The ordinary young man pushed back his chair and stood up. Diane scrambled to her feet too. She put back the sunglasses, hiding her eyes so the watcher could no longer read her expression. The young man said something, then turned and threaded his way back around the tables, into the throng coursing through the marketplace.
He had left his small handbag on the table. The watcher saw Diane pick it up, open it, take out the bundle of money and count it. Her body language expressing defeat, she flung some coins on the saucer for the waiter; then she too hurried away.
The watcher did not follow her. Instead he followed the young man.
There was a sound like a rifle shot as Diane hurried tearfully down Place Charles-Félix. Nerves frayed, she screamed and ducked quickly into a doorway. Peering out, she saw that it was only a motorbike messenger and that he had stopped outside her building and was pressing her bell. She ran the rest of the way.
“Are you looking for Lady Hardwick?” she asked, out of breath from the unaccustomed exercise.
“Is that you, madame?”
She nodded, taking out her key and opening the door to prove that indeed she lived there. “I am Lady Hardwick,” she said, just in case there was any doubt left. Besides, she always liked the way it sounded.
“Sign here, please.”
She signed his receipt book and he handed over the envelope. From its size and shape and the beautiful calligraphy, Diane guessed it was an invitation. She hurried upstairs, tearing open the envelope as she went and pulling out the engraved white card.
Miss Daisy Keane requests the pleasure of your company on a Mediterranean cruise to celebrate the life of Sir Robert Hardwick.
Diane clutched a hand to her throat. A
cruise?
Were they mad? Why was Daisy Keane asking her?
It was Sir Robert’s last wish that his friends join together, at his expense, on the yacht
Blue Boat,
sailing from Monte Carlo on the 25th of May, for a five-day cruise, stopping at Saint-Tropez, Sorrento, and Capri, disembarking at Naples on the 30th of May. All expenses will be taken care of by Sir Robert’s estate.

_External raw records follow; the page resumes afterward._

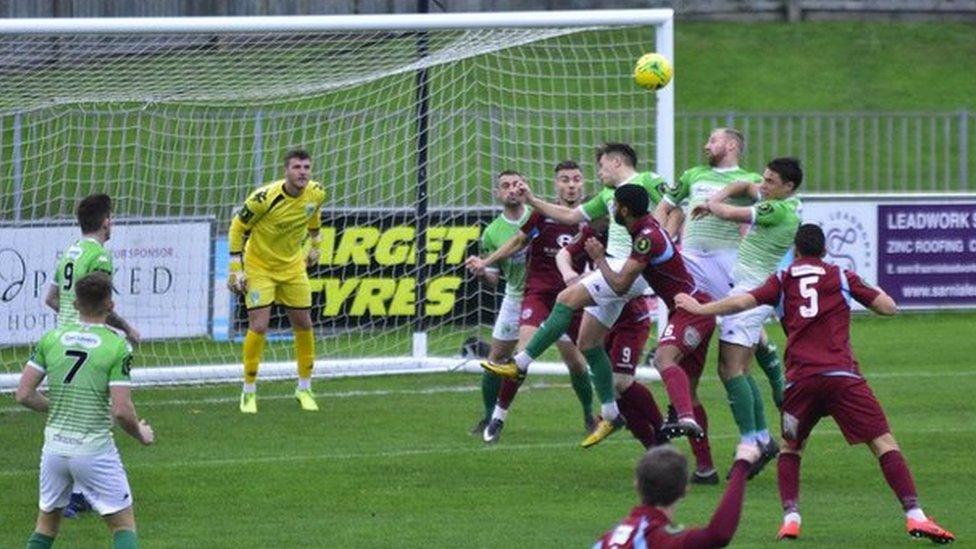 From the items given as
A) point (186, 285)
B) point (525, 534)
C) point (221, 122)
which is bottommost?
point (525, 534)

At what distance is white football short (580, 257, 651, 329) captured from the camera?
1345cm

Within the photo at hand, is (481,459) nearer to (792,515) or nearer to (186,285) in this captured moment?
(792,515)

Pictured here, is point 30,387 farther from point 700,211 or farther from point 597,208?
point 597,208

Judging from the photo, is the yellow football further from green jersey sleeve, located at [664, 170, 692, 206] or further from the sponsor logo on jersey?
the sponsor logo on jersey

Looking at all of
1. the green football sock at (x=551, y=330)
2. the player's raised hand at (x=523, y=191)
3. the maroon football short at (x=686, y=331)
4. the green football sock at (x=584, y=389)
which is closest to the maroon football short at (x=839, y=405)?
the maroon football short at (x=686, y=331)

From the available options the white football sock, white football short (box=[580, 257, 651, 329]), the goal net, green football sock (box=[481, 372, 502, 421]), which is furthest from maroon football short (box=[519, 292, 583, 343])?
the goal net

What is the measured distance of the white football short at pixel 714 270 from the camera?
13.6m

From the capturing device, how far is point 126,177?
20.6 meters

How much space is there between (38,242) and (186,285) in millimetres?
1810

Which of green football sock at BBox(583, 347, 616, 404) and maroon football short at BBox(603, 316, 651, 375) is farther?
green football sock at BBox(583, 347, 616, 404)

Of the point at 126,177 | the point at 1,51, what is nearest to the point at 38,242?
the point at 126,177

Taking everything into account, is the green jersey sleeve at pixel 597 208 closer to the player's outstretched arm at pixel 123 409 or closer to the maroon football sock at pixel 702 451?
the maroon football sock at pixel 702 451

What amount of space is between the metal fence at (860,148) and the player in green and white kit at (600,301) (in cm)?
1081

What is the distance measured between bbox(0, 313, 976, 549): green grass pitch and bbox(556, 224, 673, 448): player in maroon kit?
38cm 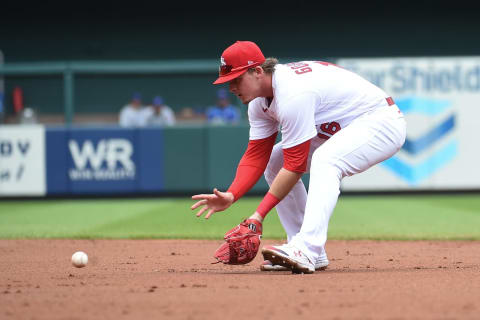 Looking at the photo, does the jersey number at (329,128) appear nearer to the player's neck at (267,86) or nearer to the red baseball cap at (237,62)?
the player's neck at (267,86)

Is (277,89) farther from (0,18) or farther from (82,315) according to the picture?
(0,18)

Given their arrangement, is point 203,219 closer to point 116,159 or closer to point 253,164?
point 116,159

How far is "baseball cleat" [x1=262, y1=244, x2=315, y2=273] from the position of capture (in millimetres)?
4227

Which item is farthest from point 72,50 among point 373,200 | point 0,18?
point 373,200

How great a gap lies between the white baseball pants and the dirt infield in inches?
9.3

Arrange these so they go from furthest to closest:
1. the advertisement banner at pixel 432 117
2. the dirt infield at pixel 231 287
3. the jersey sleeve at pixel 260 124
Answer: the advertisement banner at pixel 432 117 < the jersey sleeve at pixel 260 124 < the dirt infield at pixel 231 287

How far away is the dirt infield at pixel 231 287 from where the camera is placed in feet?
10.6

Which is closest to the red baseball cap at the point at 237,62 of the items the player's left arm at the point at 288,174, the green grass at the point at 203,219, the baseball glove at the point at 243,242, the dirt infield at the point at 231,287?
the player's left arm at the point at 288,174

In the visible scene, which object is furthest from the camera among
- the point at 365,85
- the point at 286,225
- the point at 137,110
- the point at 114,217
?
the point at 137,110

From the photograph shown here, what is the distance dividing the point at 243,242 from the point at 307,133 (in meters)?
0.74

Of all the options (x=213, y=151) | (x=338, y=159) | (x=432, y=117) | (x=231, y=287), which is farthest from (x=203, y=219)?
(x=432, y=117)

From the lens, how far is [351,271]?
4656mm

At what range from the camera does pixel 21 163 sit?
473 inches

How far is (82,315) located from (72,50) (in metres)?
13.9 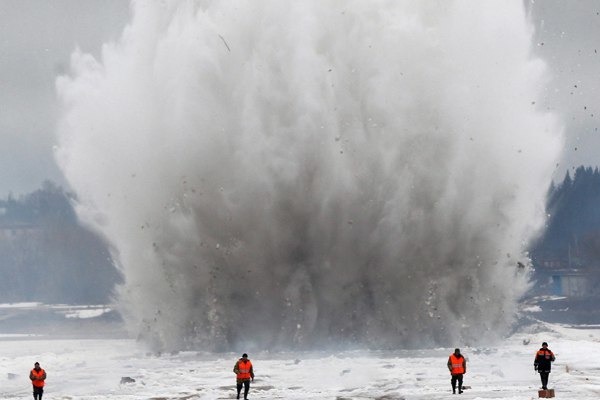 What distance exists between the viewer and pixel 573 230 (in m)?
111

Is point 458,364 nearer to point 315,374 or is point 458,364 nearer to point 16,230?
point 315,374

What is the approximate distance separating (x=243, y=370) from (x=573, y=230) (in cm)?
8176

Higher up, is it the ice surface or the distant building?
the distant building

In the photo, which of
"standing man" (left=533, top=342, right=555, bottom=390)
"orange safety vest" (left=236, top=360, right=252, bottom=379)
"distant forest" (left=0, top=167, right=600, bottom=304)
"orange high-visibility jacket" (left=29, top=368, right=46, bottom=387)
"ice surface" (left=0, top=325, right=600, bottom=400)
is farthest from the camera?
"distant forest" (left=0, top=167, right=600, bottom=304)

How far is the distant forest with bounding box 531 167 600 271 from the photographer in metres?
106

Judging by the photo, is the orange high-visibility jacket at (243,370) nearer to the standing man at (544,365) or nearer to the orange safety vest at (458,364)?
the orange safety vest at (458,364)

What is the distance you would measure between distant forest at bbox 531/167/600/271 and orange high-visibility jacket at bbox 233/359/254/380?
7418 cm

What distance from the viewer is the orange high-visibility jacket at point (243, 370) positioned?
3428 centimetres

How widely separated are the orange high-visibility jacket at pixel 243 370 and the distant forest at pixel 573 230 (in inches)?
2920

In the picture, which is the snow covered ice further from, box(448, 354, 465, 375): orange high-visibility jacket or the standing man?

Upon hearing that you accept, a check for one hundred thousand dollars will be waiting for you onboard.
On the last evening, Sir Robert’s will is to be read at the Villa Belkiss in Capri.
The RSVP line gave a phone number and Sir Robert’s business address in London.

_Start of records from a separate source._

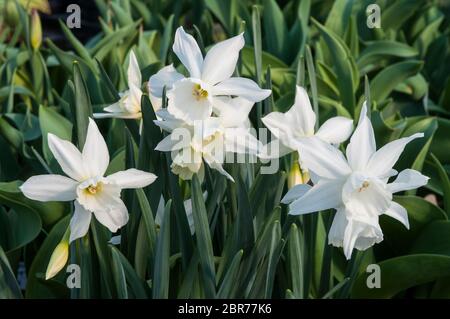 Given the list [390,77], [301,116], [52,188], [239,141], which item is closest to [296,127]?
[301,116]

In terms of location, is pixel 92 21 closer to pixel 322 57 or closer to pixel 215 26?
pixel 215 26

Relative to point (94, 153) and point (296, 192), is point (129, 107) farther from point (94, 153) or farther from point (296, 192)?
point (296, 192)

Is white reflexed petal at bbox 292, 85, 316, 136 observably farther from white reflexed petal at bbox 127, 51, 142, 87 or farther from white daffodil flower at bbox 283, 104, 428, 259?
white reflexed petal at bbox 127, 51, 142, 87

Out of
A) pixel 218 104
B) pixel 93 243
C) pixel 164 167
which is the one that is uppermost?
pixel 218 104

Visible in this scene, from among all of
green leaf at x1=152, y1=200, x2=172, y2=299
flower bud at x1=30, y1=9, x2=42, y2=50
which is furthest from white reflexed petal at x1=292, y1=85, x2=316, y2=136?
flower bud at x1=30, y1=9, x2=42, y2=50

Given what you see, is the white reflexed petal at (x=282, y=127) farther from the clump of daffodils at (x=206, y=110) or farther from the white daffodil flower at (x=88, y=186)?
the white daffodil flower at (x=88, y=186) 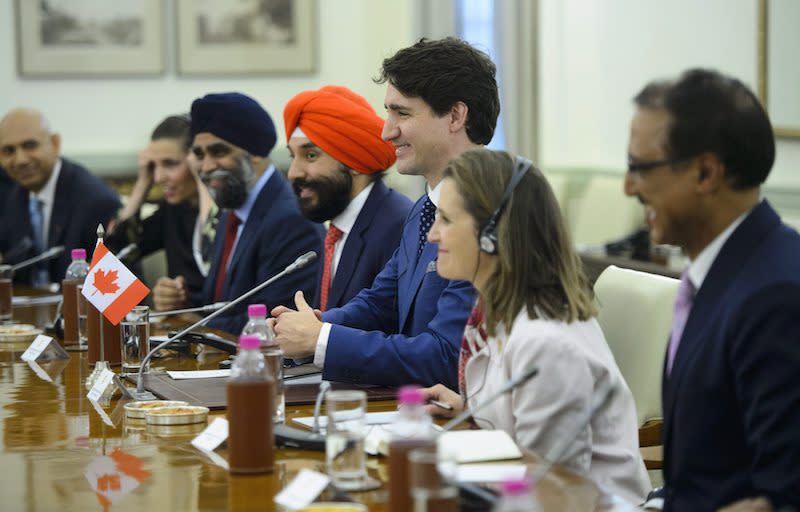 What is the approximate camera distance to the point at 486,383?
226 cm

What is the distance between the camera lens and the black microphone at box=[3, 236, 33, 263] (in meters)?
5.67

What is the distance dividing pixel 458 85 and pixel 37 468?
1.51 m

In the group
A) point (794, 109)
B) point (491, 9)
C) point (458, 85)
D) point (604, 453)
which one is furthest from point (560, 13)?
point (604, 453)

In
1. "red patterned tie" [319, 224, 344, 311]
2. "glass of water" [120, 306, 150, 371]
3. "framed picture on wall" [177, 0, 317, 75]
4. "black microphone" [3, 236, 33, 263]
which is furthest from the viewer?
"framed picture on wall" [177, 0, 317, 75]

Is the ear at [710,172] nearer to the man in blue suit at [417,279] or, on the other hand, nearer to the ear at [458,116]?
the man in blue suit at [417,279]

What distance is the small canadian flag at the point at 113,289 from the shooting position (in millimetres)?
2801

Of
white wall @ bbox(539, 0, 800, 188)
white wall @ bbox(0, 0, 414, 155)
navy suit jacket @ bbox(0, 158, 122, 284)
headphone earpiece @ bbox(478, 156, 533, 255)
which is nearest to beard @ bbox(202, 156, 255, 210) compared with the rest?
navy suit jacket @ bbox(0, 158, 122, 284)

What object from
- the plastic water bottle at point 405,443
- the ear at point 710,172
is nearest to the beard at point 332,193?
the ear at point 710,172

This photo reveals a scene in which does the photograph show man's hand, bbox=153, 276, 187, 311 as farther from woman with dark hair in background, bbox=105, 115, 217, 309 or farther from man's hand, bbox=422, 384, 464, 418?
man's hand, bbox=422, 384, 464, 418

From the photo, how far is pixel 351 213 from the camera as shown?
3641 mm

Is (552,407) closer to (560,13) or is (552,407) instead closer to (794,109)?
(794,109)

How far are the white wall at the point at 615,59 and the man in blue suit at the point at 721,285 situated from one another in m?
3.67

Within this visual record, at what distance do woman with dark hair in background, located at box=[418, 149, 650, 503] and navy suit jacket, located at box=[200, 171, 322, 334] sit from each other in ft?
5.39

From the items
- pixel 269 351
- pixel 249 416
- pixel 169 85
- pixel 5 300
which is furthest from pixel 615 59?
pixel 249 416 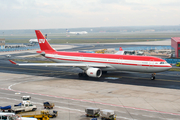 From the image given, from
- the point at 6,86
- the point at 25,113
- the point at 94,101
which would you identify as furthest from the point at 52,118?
the point at 6,86

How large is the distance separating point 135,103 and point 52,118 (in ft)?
37.6

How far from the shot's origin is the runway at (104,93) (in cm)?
2777

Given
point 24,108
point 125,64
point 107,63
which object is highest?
point 107,63

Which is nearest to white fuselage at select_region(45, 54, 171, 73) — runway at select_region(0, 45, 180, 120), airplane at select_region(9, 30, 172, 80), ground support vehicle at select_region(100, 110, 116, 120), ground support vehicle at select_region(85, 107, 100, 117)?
airplane at select_region(9, 30, 172, 80)

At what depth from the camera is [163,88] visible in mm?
39938

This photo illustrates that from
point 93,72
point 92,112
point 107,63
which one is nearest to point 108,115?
point 92,112

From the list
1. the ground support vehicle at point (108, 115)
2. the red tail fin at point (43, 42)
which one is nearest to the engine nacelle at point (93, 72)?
the red tail fin at point (43, 42)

One hundred thousand dollars. The zeros danced in front of Diane’s eyes like balloons at a kid’s birthday party.
A hundred thousand dollars!
Oh my God, she thought, I’m saved. And she wanted her earrings back!
She read it again and again. Then she read the last line: “Sir Robert’s will is to be read at the Villa Belkiss in Capri.” The first smile of the day lit up her lovely face. It had all worked out. She was to inherit after all.
That
was why they had invited her. At last she would get what was coming to her.
Of course, she would go. She was already planning her wardrobe. She picked up the phone and called Daisy Keane.
It was over. And fortunately, who and what she truly was and what she had done, would be her secret forever.